As we proceed to our original goal, someone asks Carlisle how often the dogs come at him. "They don't!" he says. "That's the myth. If the dogs are feral, they don't want nothing to do with humans. They won't attack you unless you get in their space. But 80 to 90 percent of the dogs out here on the street came from homes. The economic plight of Detroit is what made people choose: 'I can't feed this dog anymore, it's too much of a burden, see you later.'"
The pit-bull house has not only been stripped out by copper thieves, but its driveway and yard have been used as a makeshift dumping ground, another depressingly common occurrence in Detroit, where excess trash from the entire metropolitan area (mattresses, old tires, busted furniture) ends up illegally discarded. We push our way through a thicket of tree branches and then step over a mound of garbage, primarily old sofa cushions molded by the elements into a colorful desert rock formation and a splayed set of Venetian blinds that look like bleached bones. "The mother may come flying out when we get close to the door," whispers Shance, who is taking the lead with the catchpole.
But the mother has apparently wandered off. Inside the garage, we find seven five-week-old puppies, a shepherd-pit mix, burrowed into a nest of old clothes arranged by their mother around an upended couch frame. Even in such squalid surroundings, the puppies are ridiculously cute. Carlisle grabs an old RCA box, pads it with clothes and piles the dogs inside.
After dropping the box of puppies in the van, Carlisle and I cut back through the yard to get to his Ford Journey, which is parked on the next block. I'm jotting something in my notebook when Carlisle begins shouting, "Whoa, whoa, whoa!" At the same time, I hear a sharp burst of barking. When I look up, I see an adult pit bull, teeth bared, charging at us from across the yard. The mother has returned. Carlisle, furiously backpedaling, extends his left arm and, in a reverse-clothesline, shoves me behind him, into the tangle of branches. He's yelling at the dog, kicking dirt and debris in her direction. The dog is only a few feet away. Her fur is tan. A pit bull, charging, with bared teeth, seems to float. At least this one did. I could swear, as she flew at us, all four of her feet left the ground, like a racehorse's.

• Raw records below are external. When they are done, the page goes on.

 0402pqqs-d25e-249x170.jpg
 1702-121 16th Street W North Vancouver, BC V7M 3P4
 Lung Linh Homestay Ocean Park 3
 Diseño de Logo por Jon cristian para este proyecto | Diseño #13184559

Dead tree branches stab the back of my coat and snap against my neck. And then we're on the other side of the thicket and Carlisle yells, "Run!" and we both turn and sprint out of the yard. One thing Carlisle said had been correct: As soon as we leave the dog's territory, she gives up the chase.

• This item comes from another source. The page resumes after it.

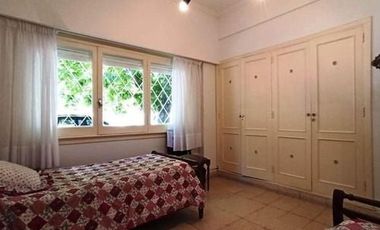 VENTA DE DEPARTAMENTO EN Miramar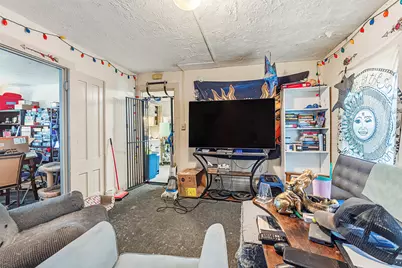 48 Drummond Street, Auburn, ME 04210 - Photo 28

Back at the van, Shance, startled, grabs one of the big green nets and charges back into the yard, but the mother has already disappeared. He says he'll return later in the week and catch her.
Carlisle, breathless, flashes a grin, in the slightly dazed manner of a guy who's not sure he should believe his luck. "That's never happened before," he gasps. "I was getting ready to kick her in the head."